What you will do: Begin with the line below holding "Marijuana Information, Savoir — Photo" and go on through the line holding "barbaridades que pueden", duplicating each line exactly and leaving out pictures.

[Web page caption snippets]
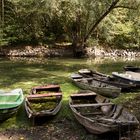 Boote am Altrhein / Daxlanden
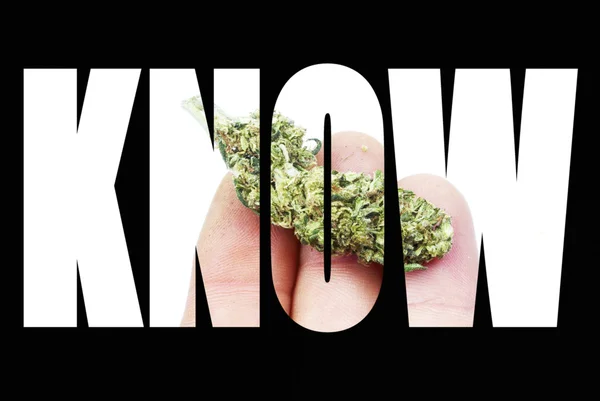 Marijuana Information, Savoir — Photo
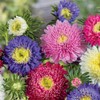 22Day Seeds: Seeds Aster Pompon Mix/Annual Flowers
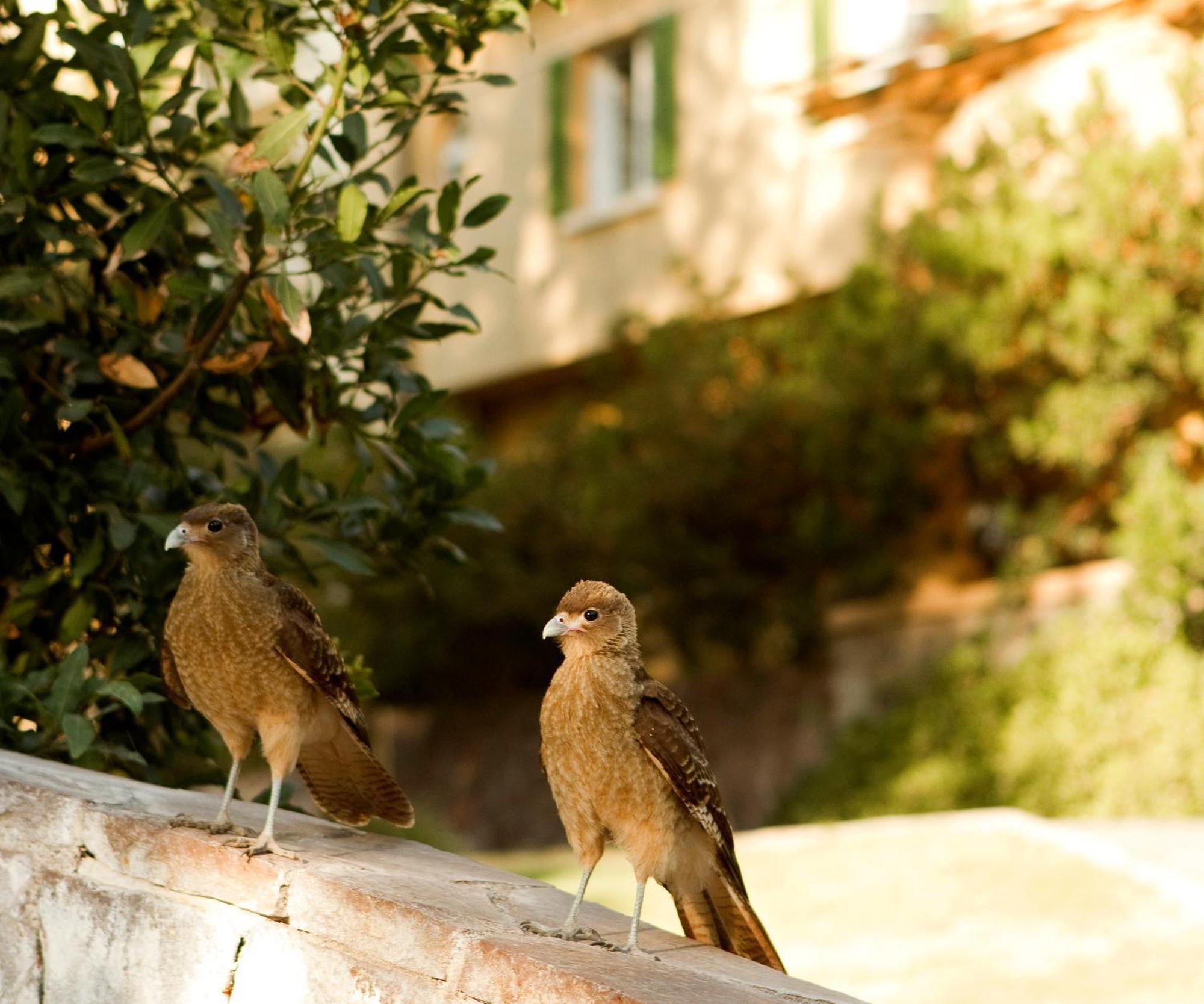 Termas De Jahuel Hotel & Spa Santa María المظهر الخارجي الصورة
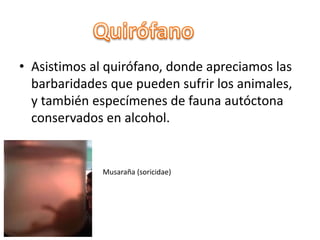• Asistimos al quirófano, donde apreciamos las
barbaridades que pueden sufrir los animales,
y también especímenes de fauna autóctona
conservados en alcohol.
Musaraña (soricidae)
 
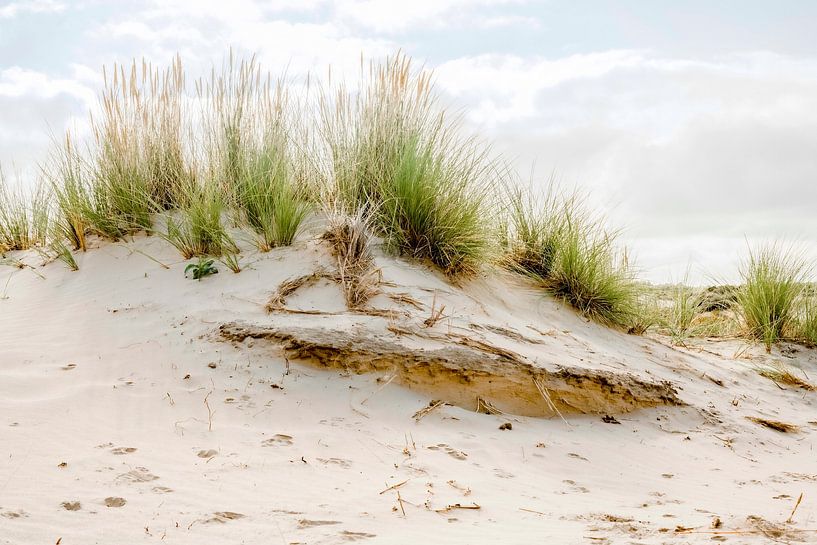 Dune with Helmgrass. Vacation spirit. by Alie Ekkelenkamp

Solved problem:
 Marijuana Information, Savoir — Photo
 22Day Seeds: Seeds Aster Pompon Mix/Annual Flowers
 Termas De Jahuel Hotel & Spa Santa María المظهر الخارجي الصورة
• Asistimos al quirófano, donde apreciamos las
barbaridades que pueden sufrir los animales,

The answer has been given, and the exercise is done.